UKRI, in collaboration with the US National Academy of Medicine (NAM) and seven other global organisations, today announced that it has joined the Healthy Longevity Global Competition, a multiyear, multimillion-dollar international competition seeking breakthrough innovations to improve physical, mental, and social well-being for people as they age.
Across the world, dramatic advances in medicine and public health have resulted in unprecedented extensions of the human lifespan over the past century. By 2050, people over age 65 will number over 1.6 billion, accounting for 20 percent of the global population – more than double the number today.

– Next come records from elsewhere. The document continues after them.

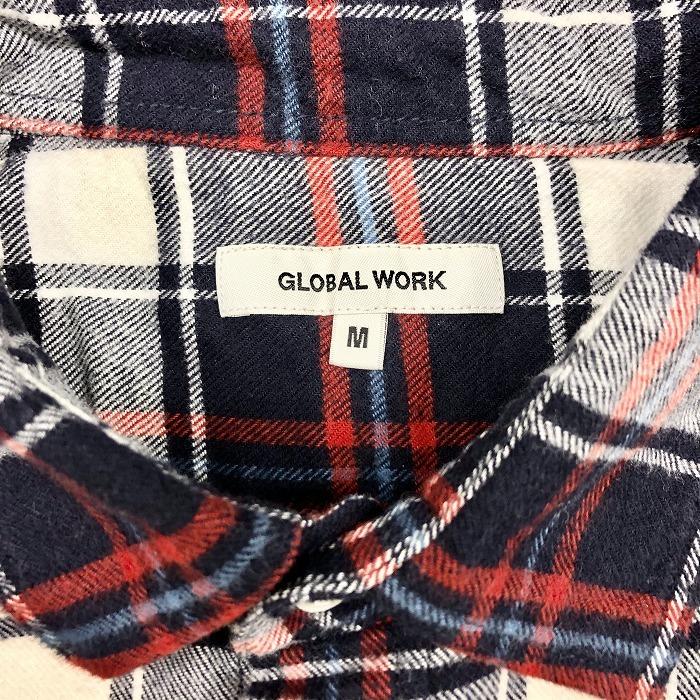 グローバルワーク GLOBAL WORK ネルシャツ ソフトネル 長袖 チェック柄 胸ポケット 起毛生地 綿100% コットン M 濃紺×青系×赤×白 メンズ｜undo-rowa｜03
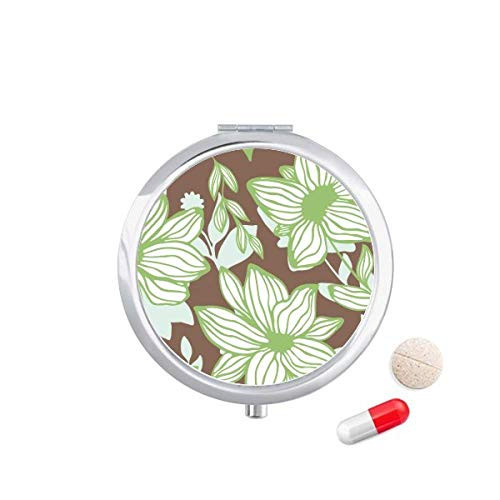 Green Brown Flower Plant Paint Pill Case Pocket Medicine Storage Box Container Dispenser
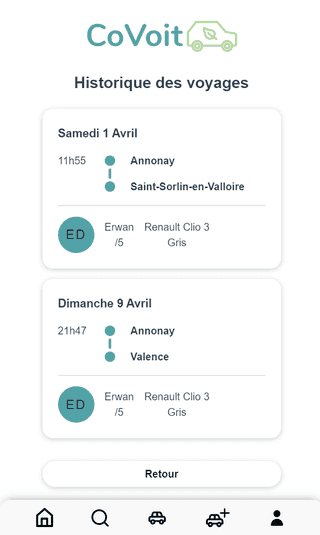 Capture d'écran de Historique des voyages du projet Covoit - Erwan Decoster.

Coupled with declining fertility rates, however, this demographic shift presents many challenges to economic and workforce stability, health care systems, and rural and urban communities, which may result in older people experiencing lower quality wellbeing during a longer lifespan.
However, if global societies embrace strategies to maximize healthy longevity, the ageing population presents a tremendous opportunity. Extending good health and productivity later in life would allow older people to remain active contributors to the economy, their communities, and families and reduce their overall need for social and health care services. Interdisciplinary research and innovation are urgently needed globally to generate important advances and breakthroughs that can help ageing global populations achieve healthy longevity.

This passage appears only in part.